On Fri, 3 Jul 1998, Michael Laing wrote:

> This success has lead us to experiment with 'electronic portfolios' in
> which kids create a multimedia record of things they create over the
> school year. We are just starting to burn CD's for each of them so they
> can take their portfolios home (and we can archive their work).
> 
> However, it looks like we need to allocate .5-1 GB per kid for working
> storage...2500 kids in 7 schools...200-1000GB per school...

 Yeesh. I'd like your budget. :->

> At any rate, we want to pilot a debian-based disk farm at the high
> school, particularly to support the video program in the fall.
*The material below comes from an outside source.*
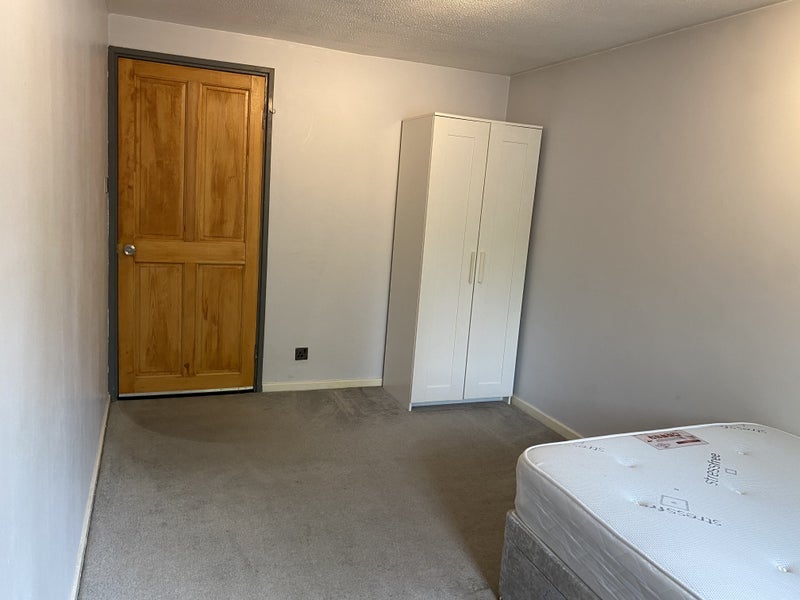 Room Dufford Walk in Manchester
 For this sort of thing, you're going to want to go with external
SCSI-RAID setups. So far as Linux is concerned, it's just a large disk.
Both DPT and Mylex make these, and maybe others. Some are configured with
special software on the Linux box, some use a separate dumb terminal
hooked to the external enclosure.

> I am thinking of building a system based on a dual PII BX motherboard,

 I don't have experience with systems this large, but serving and storing
data is not usually processor-bound, but instead disk- and RAM-bound. You
could probably get away with spending less on processor and more on RAM
and *good* SCSI controllers. This is a good rule of thumb with most things
involving Linux anyway.

 You could ask on linux-net about any issues involved in 100MB Ethernet.
ISTR hearing about needing a fast enough processor to serve all those
interrupts, but for a pure disk farm, I think dual-PII may be overkill.
(Of course, if money's not tight, what the heck, go for it.) I don't have
any 100MB experience. :-< Just a lowly 10MB coax net at home...


 Sincerely,

 Ray Ingles          (248) 377-7735           ray.ingles@fanucrobotics.com

      "Rearranging his entire personal universe in the light of
             startling new data is what he does for fun."